|Longquan Charger with Carved Calligraphic Characters (YLQ051403)
Late Yuan – early Ming Dynasty
Porcelain with a lime-alkali glaze; Longquan celadon ware
Diameter: 32.5 cm / 12.8 in
Height: 5.5 cm / 2.2 in
From the private collection of a south Florida gentleman
A rare Yuan Longquan celadon charger, carved with the Chinese characters “chang ming fu gui” (live long and prosper) in xingshu script within ogival cartouches, all against a ground of incised floral sprays and scrolls.
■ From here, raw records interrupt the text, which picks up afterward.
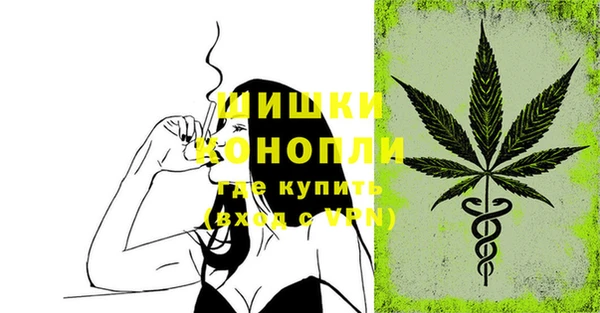 сатива Балахна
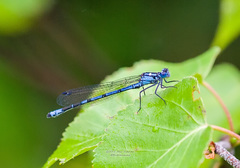 Enallagma circulatum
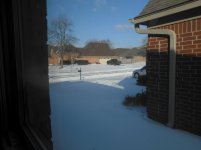 Snow Sat 2026-01-31.jpg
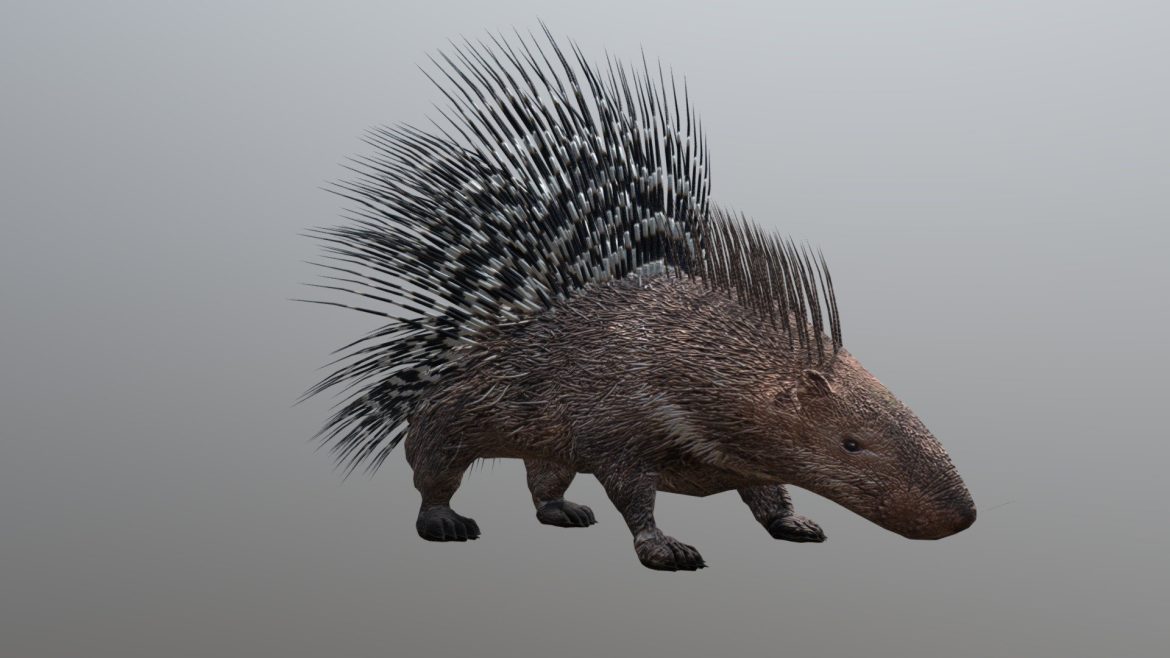 porcupine 3d model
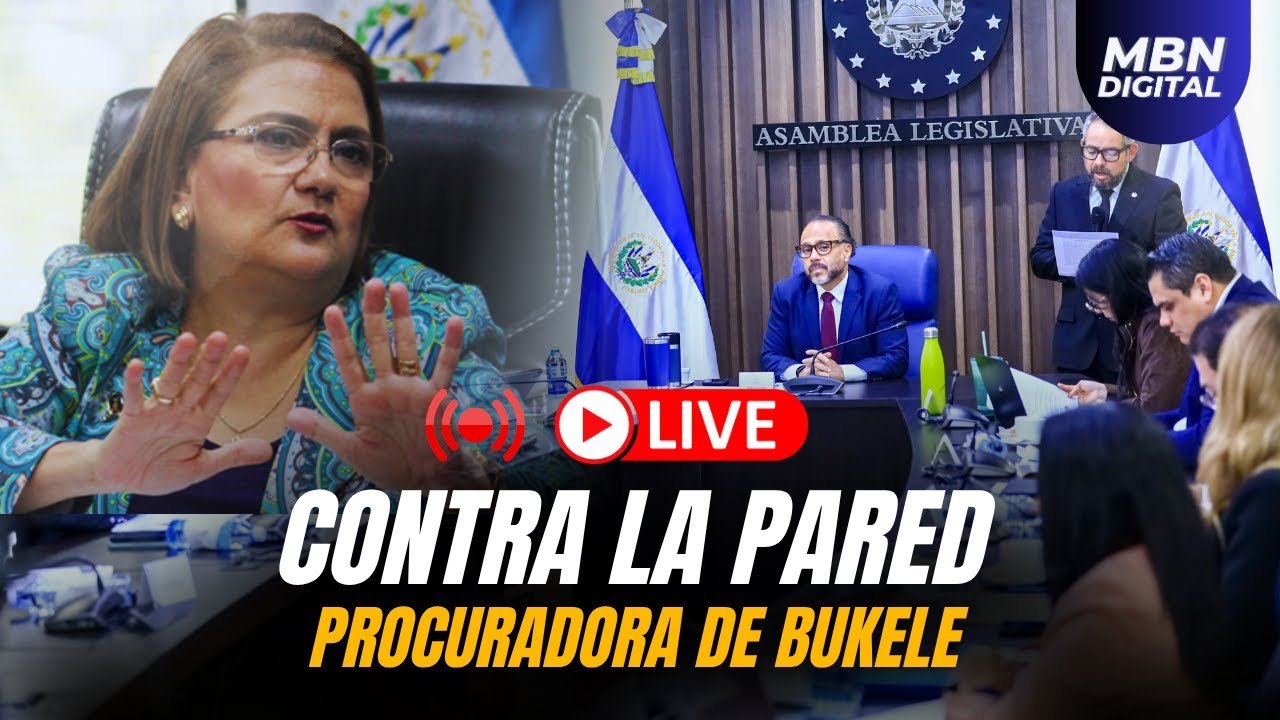 #ENVIVO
Thick and jade-like, Longquan celadon glazes of the Song to early Ming period represent a high point in the development of Chinese ceramics. Potters developed this signature look sometime around the mid Southern Song dynasty, by replacing the traditional Yue-type lime glaze with a lime-alkali formula, and by reducing the calcium content (which made glazes appear transparent) and increasing that of the potassium.
While Song celadons feature clean contours and undecorated surfaces, Yuan Longquan potters created vessels of grandeur and imagination. There is nothing subtle about a Yuan Longquan celadon; pieces tend to be large, extravagantly shaped, and decorated with biscuit appliques, carved motifs, and molded patterns. Yet at their best, Yuan celadons are full of fervor and colloquial liveliness. Rather than relying on symbolic imagery to convey an auspicious message, a Yuan potter, while crafting this charger, directly carved the message “live long and prosper” in a casual cursive script.
Pieces with Chinese characters are rare amongst Longquan celadons. Many are large wine jars with messages such as “qingxiang meijiu” (fresh and fragrant fine wine) or “heaven bestows a handsome return”. For a wine jars of this type, see Boston Museum of Fine Art 35.231, a jar from the Museum of Huizhou Culture of China, Christie’s sale 2463 lot 1489, and Bonhams sale 21882 lot 109. Chargers with carved characters (as opposed to molded) are much more unusual.